I have a situation where I have generated a number of lists which contain integer values. However, the number of these lists is only known at runtime, and integers present in the resulting list must exist in all lists. Is there a method of joining all of these lists into a single list?

i.e.

List<int> l1 = {1, 2, 3, 4};
List<int> l2 = {2, 3, 5, 7, 9};
List<int> l3 = {3, 9, 10};
List<int> ln = {....};

The resulting list should be as follows

List<int> r = {3};

Is this possible with linq or any other methods?

Ishmael
  • 30,970
  • 4
  • 37
  • 49
Ken Cowley
  • 73
  • 8
  • 3
    Are the lists in an array or a list or similar?
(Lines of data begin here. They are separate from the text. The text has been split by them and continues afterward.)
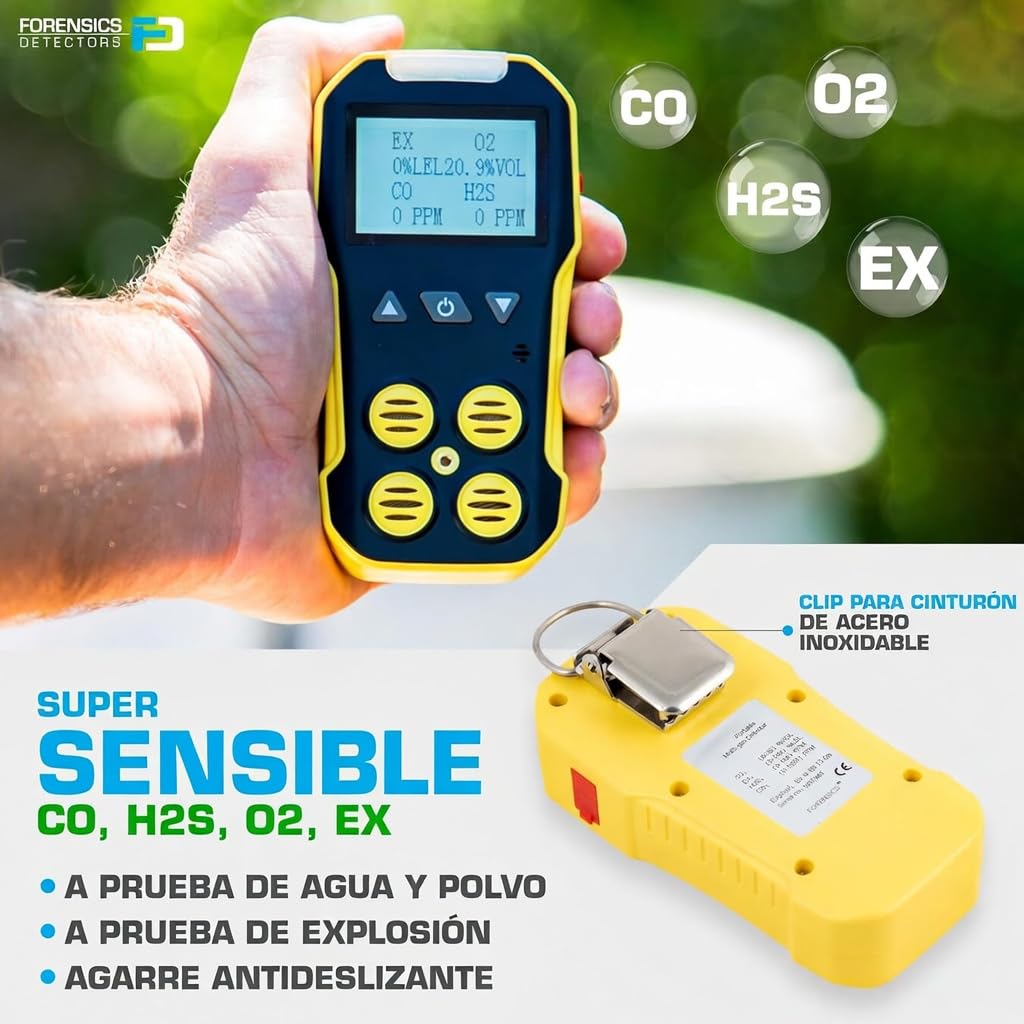 Detector de 4 Gases | O2, CO, H2S, LEL | EU Certificado de Calibración. | Recarga USB | Alarmas sonoras, visuales y por vibración | Pantalla Grande con retroiluminación |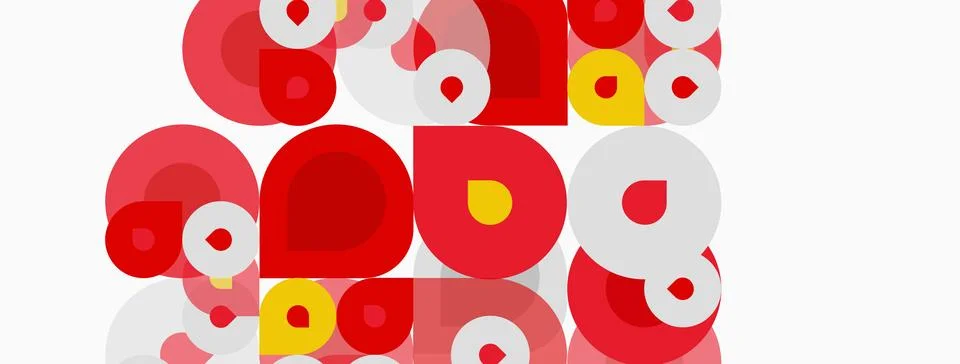 Abstract pattern features overlapping circles. Red, yellow, white hues create Stock Illustration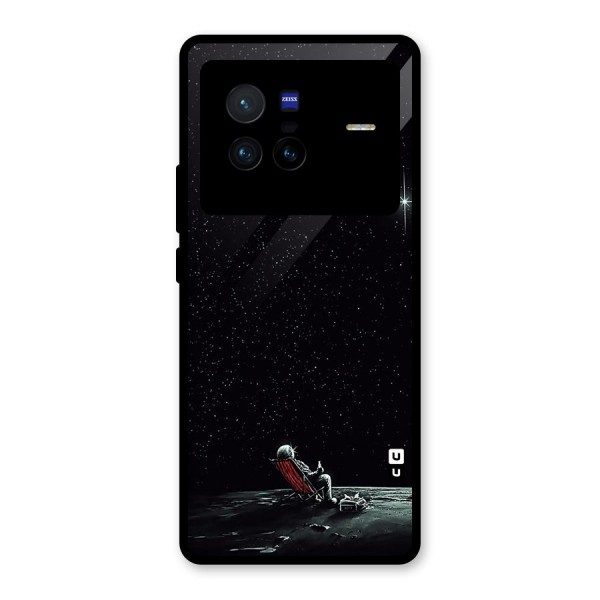 Resting Spaceman Face Glass Back Case for Vivo X80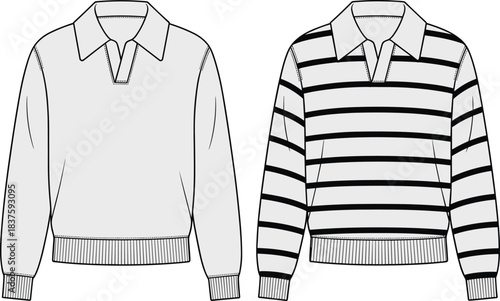 ribbed, dropped shoulder, long sleeve, flat sketch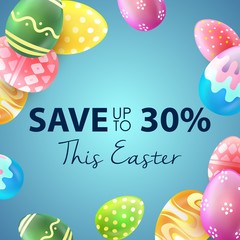 Fototapeta premium Easter sale banner with beautiful colorful eggs on blue background. Save up to 30%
You've shown them being defined at compile time, which doesn't agree with your question... – RB. Feb 20 '13 at 16:27
  • Also, does it have to be done in LINQ? Is this something where you are trying to avoid the records being pulled back from a DB or are the results being processed in memory on the local system? – AJ Henderson Feb 20 '13 at 16:28
  • See: http://stackoverflow.com/questions/3191810/linq-intersect-multiple-lists-some-empty for similar question. – dugas Feb 20 '13 at 16:32
  • Ken, where you get those lists from? – Sergey Berezovskiy Feb 20 '13 at 16:37
  • Each list is comprised of a sequence of primary keys returned from a either a UDF or another system. This is the reason it's not all done on the DB. The number of querys run is variable so the number of lists is only know after all results are found – Ken Cowley Feb 20 '13 at 20:09

3 Answers3

5

I assume that you have a List<List<int>> that holds a variable number of List<int>.

You can intersect the first list with the second list

var intersection = listOfLists[0].Intersect(listOfLists[1]);

and then intersect the result with the third list

intersection = intersection.Intersect(listOfLists[2]);

and so on until intersection holds the intersection of all lists.

intersection = intersection.Intersect(listOfLists[listOfLists.Count - 1]);

Using a for loop:

IEnumerable<int> intersection = listOfLists[0];

for (int i = 1; i < listOfLists.Count; i++)
{
    intersection = intersection.Intersect(listOfLists[i]);
}

Using a foreach loop (as shown by @lazyberezovsky):

IEnumerable<int> intersection = listOfLists.First();

foreach (List<int> list in listOfLists.Skip(1))
{
    intersection = intersection.Intersect(list);
}

Using Enumerable.Aggregate:

var intersection = listOfLists.Aggregate(Enumerable.Intersect);

If order is not important, then you can also use a HashSet<T> that you fill with the first list and intersect with with the remaining lists (as shown by @Servy).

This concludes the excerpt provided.